* **Your goal**
Output exactly the lines from the line that has "Rakuten Fashion サンプル画像3" through the last line of the data below, with no pictures.

* **Stored items**
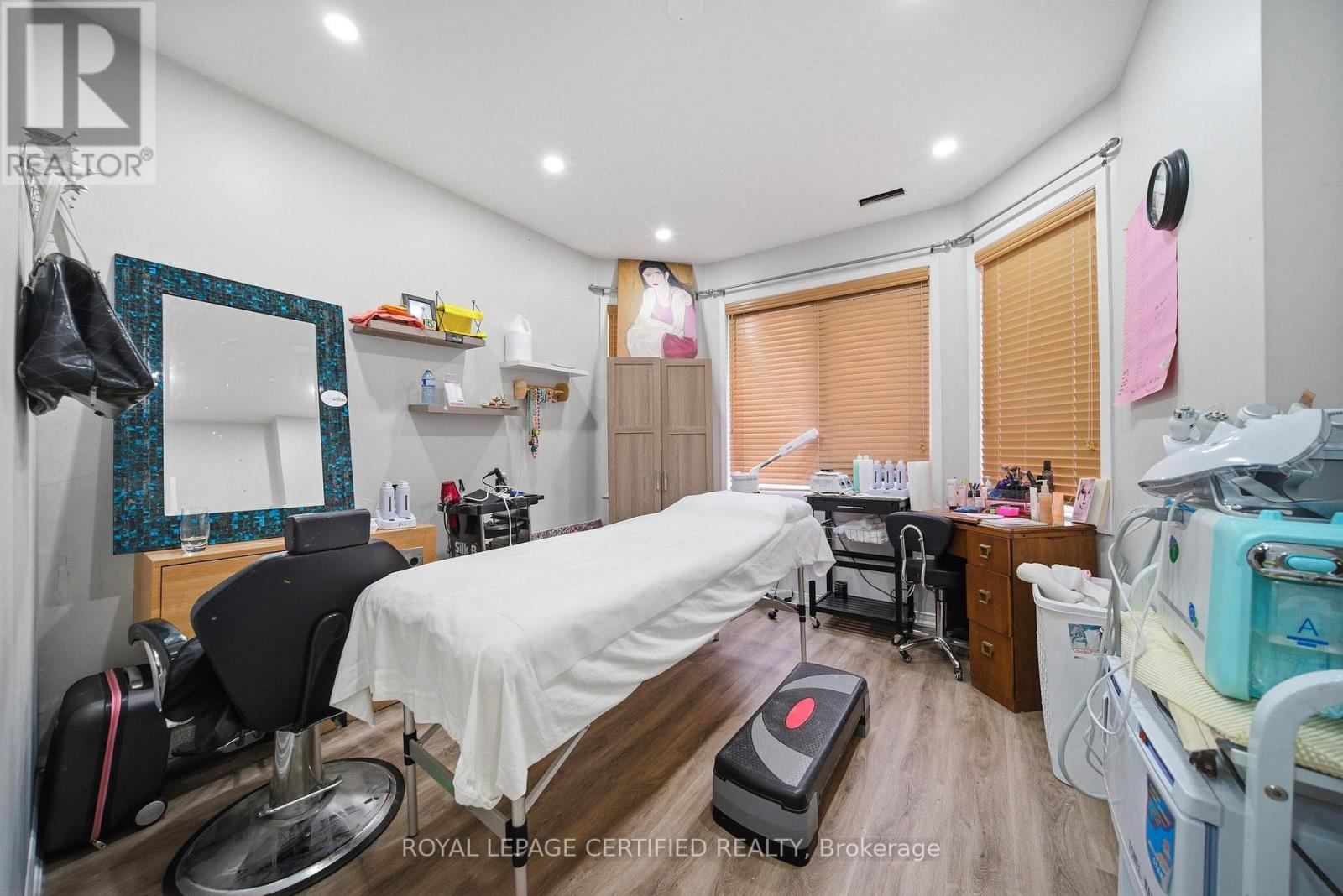 1181 ARNOLD STREET - 29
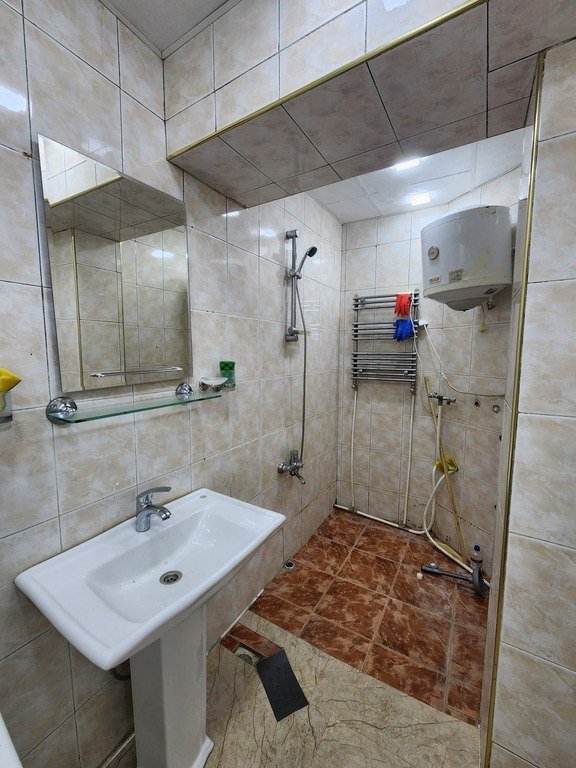 Kirayə verilir 4 otaqlı köhnə tikili, 110 m², 28 May m.-4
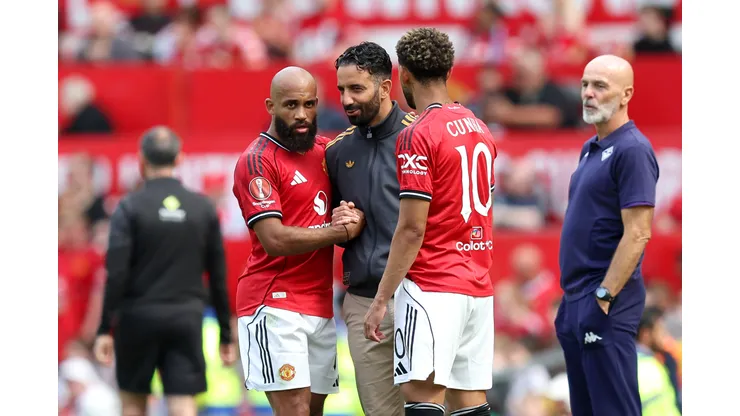 Ruben Amorim é o técnico do Manchester United. (Photo by Matt McNulty/Getty Images)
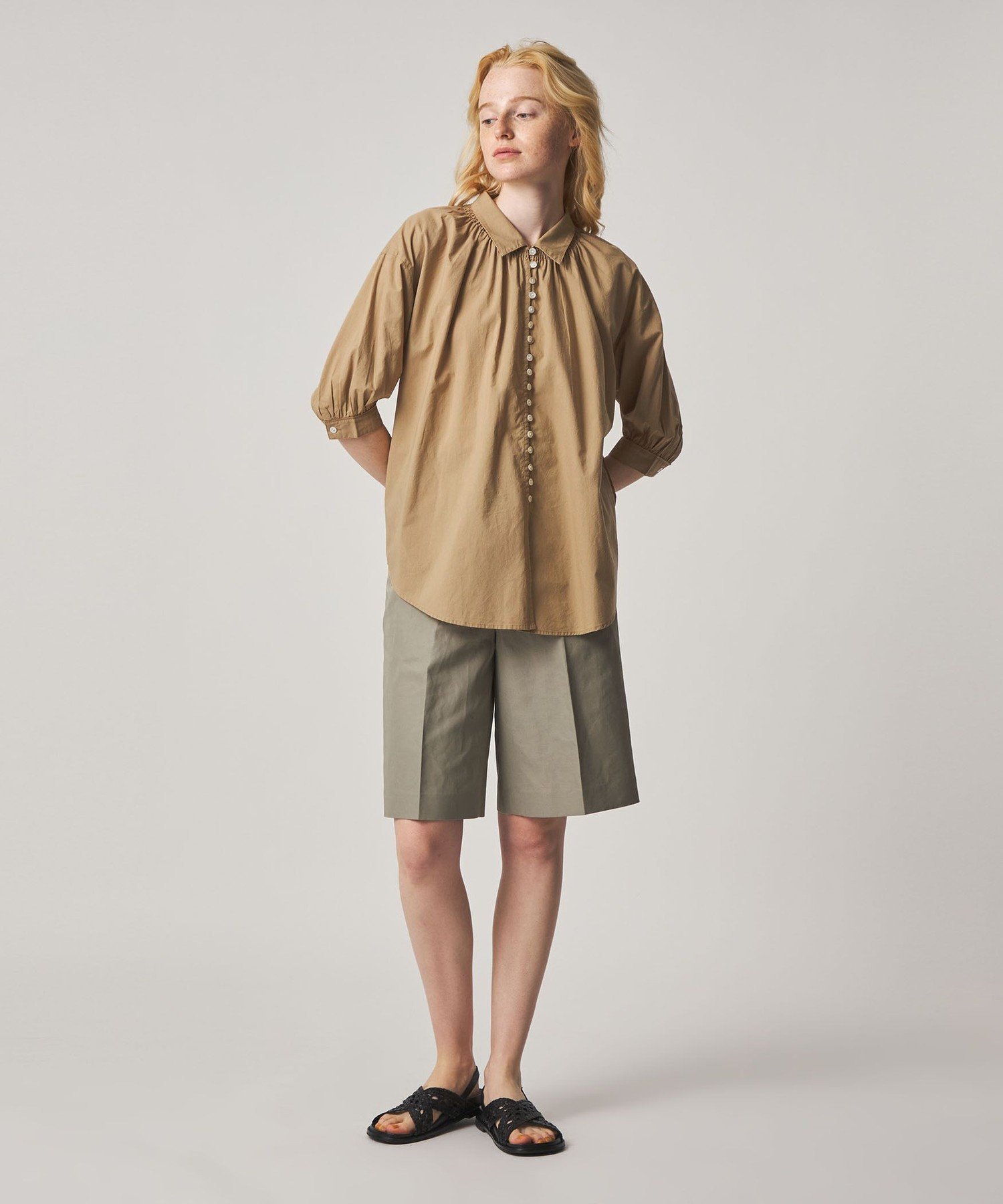 【SALE／30%OFF】Steven Alan ＜Steven Alan＞コットン ポプリン ギャザー ブラウス ビューティー＆ユース　ユナイテッドアローズ トップス シャツ・ブラウス ブラック ベージュ【送料無料】 stylife-15698356 Rakuten Fashion サンプル画像3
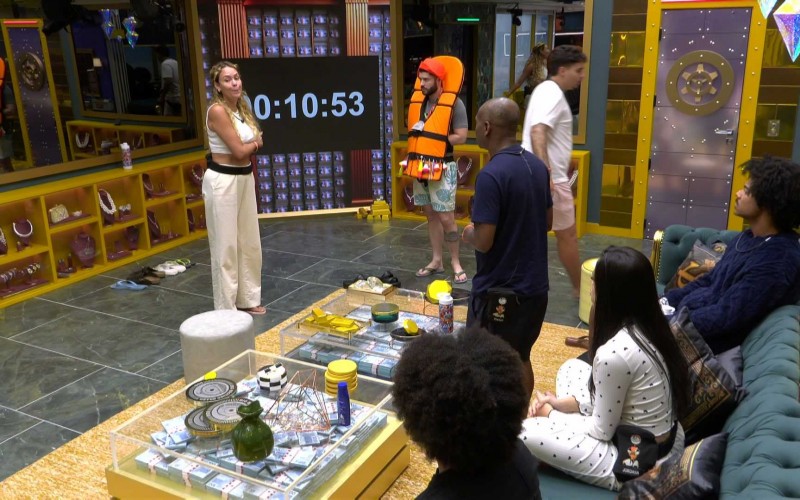 Participantes do BBB 26 discutem por tempo no Raio-X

* **Your solution**
 【SALE／30%OFF】Steven Alan ＜Steven Alan＞コットン ポプリン ギャザー ブラウス ビューティー＆ユース　ユナイテッドアローズ トップス シャツ・ブラウス ブラック ベージュ【送料無料】 stylife-15698356 Rakuten Fashion サンプル画像3
 Participantes do BBB 26 discutem por tempo no Raio-X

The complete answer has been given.